§ What you will do: Lines from the one containing "aintsmart anthro bat" through the final line of the records below are needed, copied exactly, with no pictures.

§ Information:
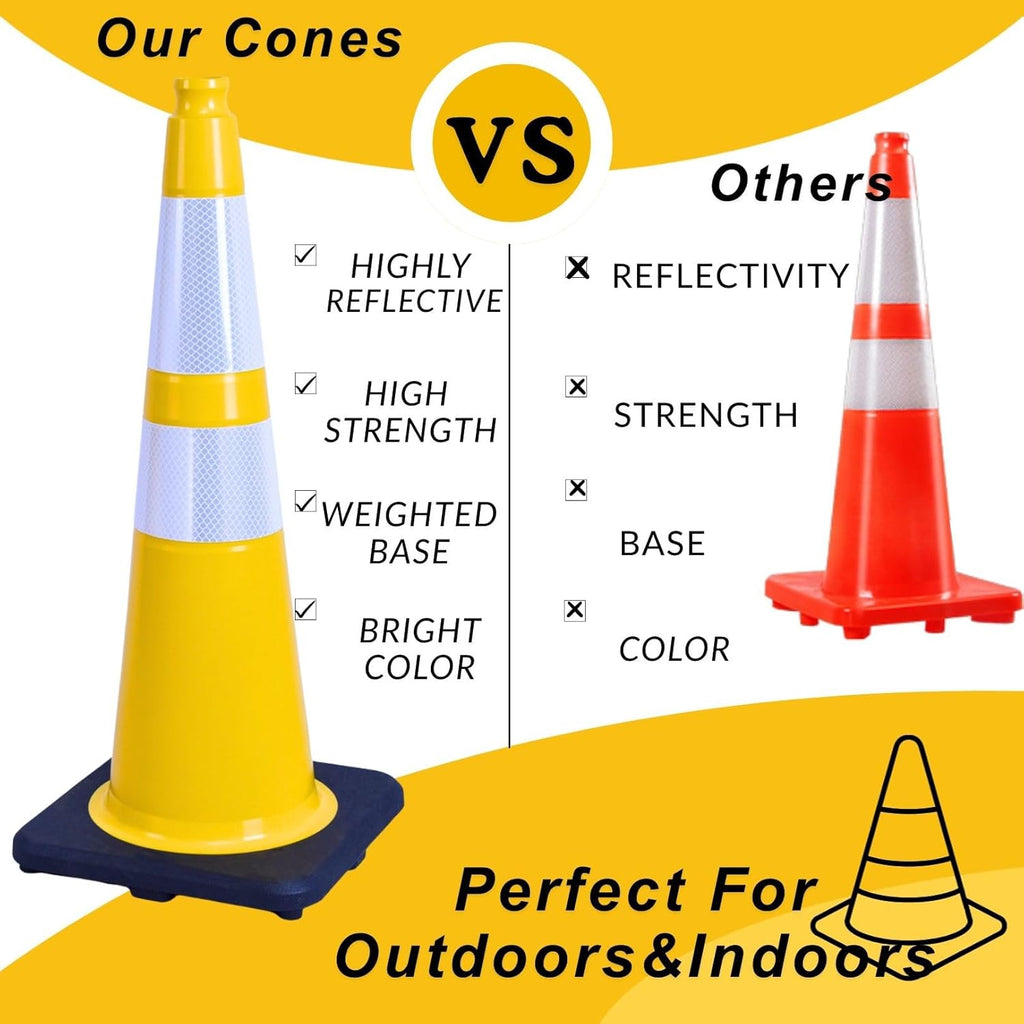 BESEA 8PACK 28” inch Traffic Safety Cones Yellow Road Parking Cones Heavy Duty Construction Cone Structurally Stable for Traffic Control at Public Place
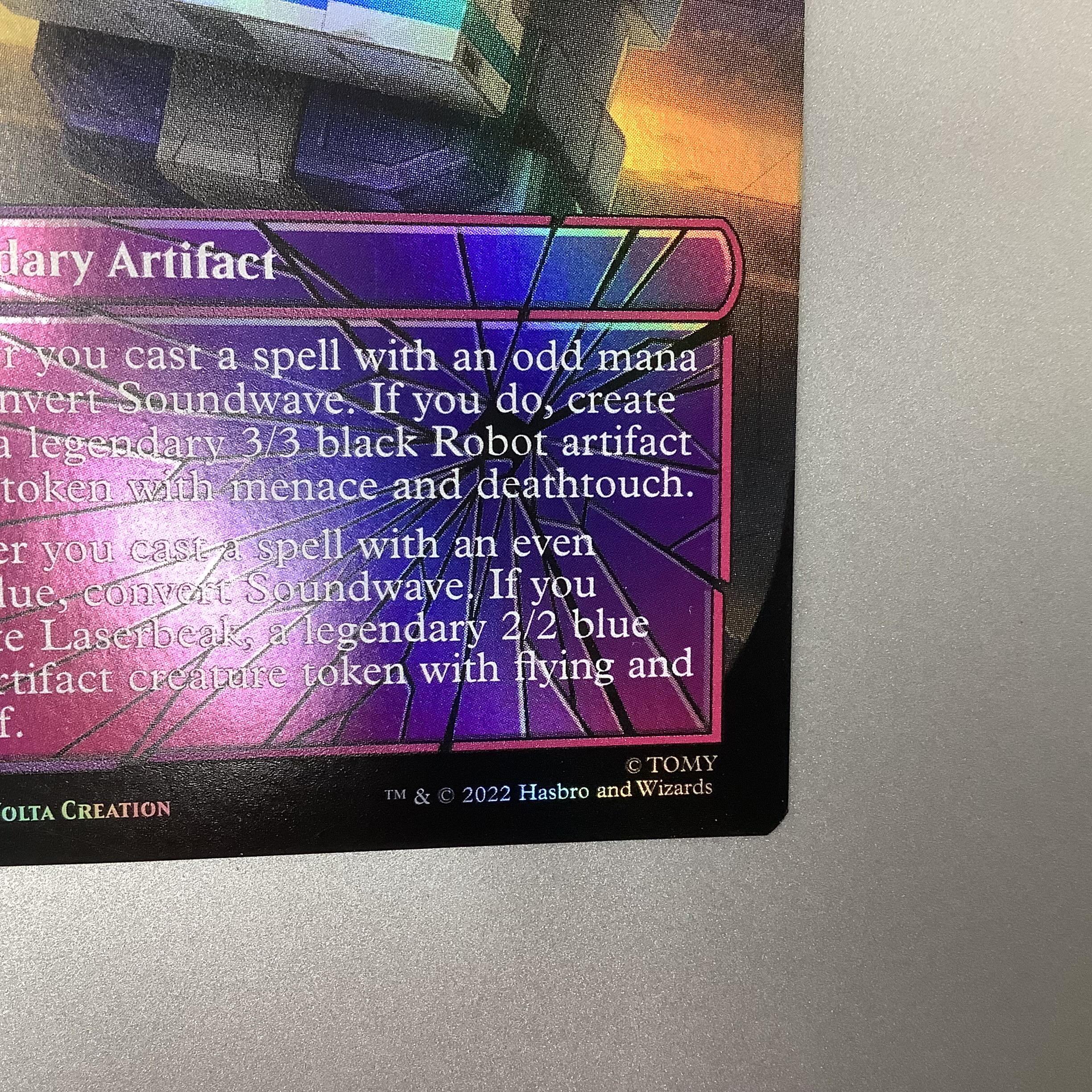 (美品)音波のスパイ、サウンドウェーブ/Soundwave, Sonic Spy/上級隊長、サウンドウェーブ/Soundwave, Superior Captain ボーダーレス シャッタードグラス Foil BOD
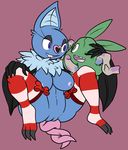  aintsmart anthro bat blush breasts erection female garbage grey_eyes male mammal navel nintendo nipples nude open_mouth penis plain_background pok&#233;mon pok&eacute;mon purple_eyes pussy sitting smile straight striped_socks swoobat trubbish video_games wings 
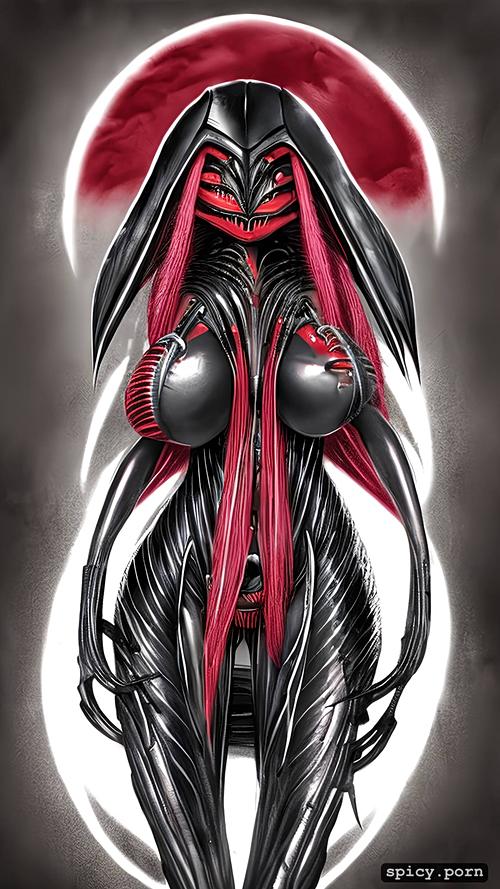 small boobs, long black hair, red mesmerizing eyes, hr giger style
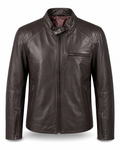 Men’s dark brown sheepskin nappa café racer jacket, front view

§ Exercise solution:
  aintsmart anthro bat blush breasts erection female garbage grey_eyes male mammal navel nintendo nipples nude open_mouth penis plain_background pok&#233;mon pok&eacute;mon purple_eyes pussy sitting smile straight striped_socks swoobat trubbish video_games wings 
 small boobs, long black hair, red mesmerizing eyes, hr giger style
 Men’s dark brown sheepskin nappa café racer jacket, front view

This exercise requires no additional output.